1. Confusion of coincidence and causation:

Stanek comes to the information with an already-formed premise: that the Obama administration's policies are bad for the health of the nation and lethal to quality health care. Running the conservative screed, she also wants to show that current foreign policy is deadly. The information she gathers to make this point has only tangential applicability to the rise of TB in the world (the 1917 British Venereal Disease Act? Health Care Reform? The birth control pill?)

Her assertion that the advent of the birth control pill caused an increase in venereal disease infections (nobody in Westernized countries loses a nose to siphillis today), more sexual partners (actually a change in social mores, divorce rates and women's equality since the sixties - and by the way, alone not a bad thing), and decreased use of condoms (the use of which has been hampered by abstinence teaching and funding here and around the world) are all conjecture. She doesn't have a single fact to back any of it up and she confuses advent of the pill with these issues, ignoring that other factors had an impact as well.

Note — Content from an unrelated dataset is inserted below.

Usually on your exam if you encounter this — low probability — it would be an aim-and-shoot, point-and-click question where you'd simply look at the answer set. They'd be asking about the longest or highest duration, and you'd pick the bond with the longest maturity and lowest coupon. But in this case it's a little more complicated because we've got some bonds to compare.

2. Appropriation of scientific-sounding language for emotional stories that are used as representative of fact but are unreasoned:

Citing credible sources but using faulty logic to string them together, she throws out the AP (not always credible, I should note), the World Health Organization, Homeland Security Today as though provide her premise with legitimacy. But her effort is to cause an emotional reaction of fear and anger in her readers that masquerades as science. The peppering of numbers and dates make it look like she knows what she's talking about.

3. Innumeracy, or sloppy numbers:

Despite a plethora of credible studies that conclusively show that abstinence education causes increased spread of sexually transmitted disease in the US, she makes her own conclusions based on ideology - because she does not want to believe in the facts. She prefers to cling to unproven but "pure" ideas of abstinence and human behavior.

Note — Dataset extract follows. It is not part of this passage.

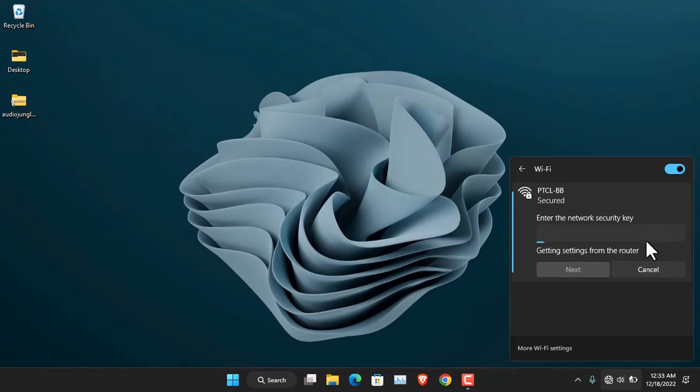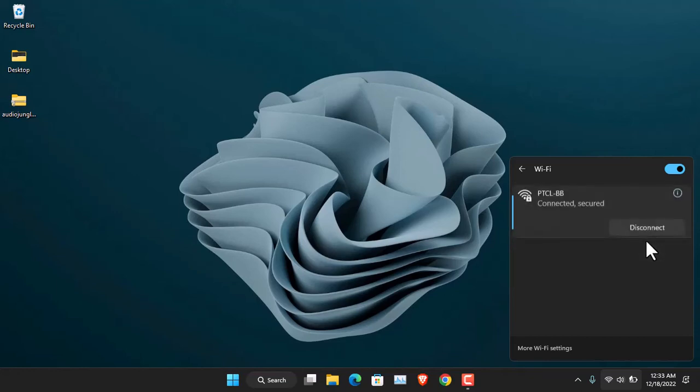So as you can see, at the moment it is connecting to the router without entering any password at all. You get the idea how to connect your laptop to Wi-Fi without password.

4. Definitions so broad as to be meaningless:

Disease, sexually transmitted viruses, global politics, abstinence education (quite different in the US than in Uganda, Kenya or Cambodia): Stanek neglects to differentiate between sexually transmitted and air-born viruses, global travel issues (she's got no facts on how many HIV travelers will come to the US, nor on how many of those have drug-resistant TB but uses fear of infection to make the possibilities credible). And she conflates STDs and HIV infection.

5. Expert-bashing which keeps the public confused on the legitimacy of science and facts and prevents clear distinction between pseudo science and good, tested, provable science:

By criticizing policies unpopular among conservatives, health care reform and immigration, she has an audience ready to take her assertions at face value. That the smart people in government can't see the facts plays into existing fear of a black president, terrorism, and health concerns. Never mind that she's got no way to prove that all these disparate factors - coincidence of HIV and TB infection, the lifting of the ban on HIV travel, the revision of health care, and abstinence education - are in any way related.

We're not encouraged to logically or scientifically analyze news information. We live in an environment that runs on outrage, fear and conjecture. Were common readers able or willing to assess the information that passes their way on it's scientific and factual merit, they would better grasp the ideological motives behind such "reports." But in a culture where intelligent design is taught in schools and man is considered to be made in God's image, proof too seldom plays a role in how we govern our actions and our country country.

For all the science that have proven abstinence education doesn't work, Stanek and her contingency cling to the belief that it will solve social problems like teenage pregnancy, the spread of STDs - and sadly, the move to treat women with equality in society. But facts and current human behavior prove otherwise.

If her objective is to reduce these challenges in society (STD infection, teenage pregnancy, HIV), logically Stanek would be the greatest proponent of birth control on the planet. Condoms again and again have been proven to work. But, sadly, that's not her objective. And sadly, she's still spreading unfounded ideology far and wide.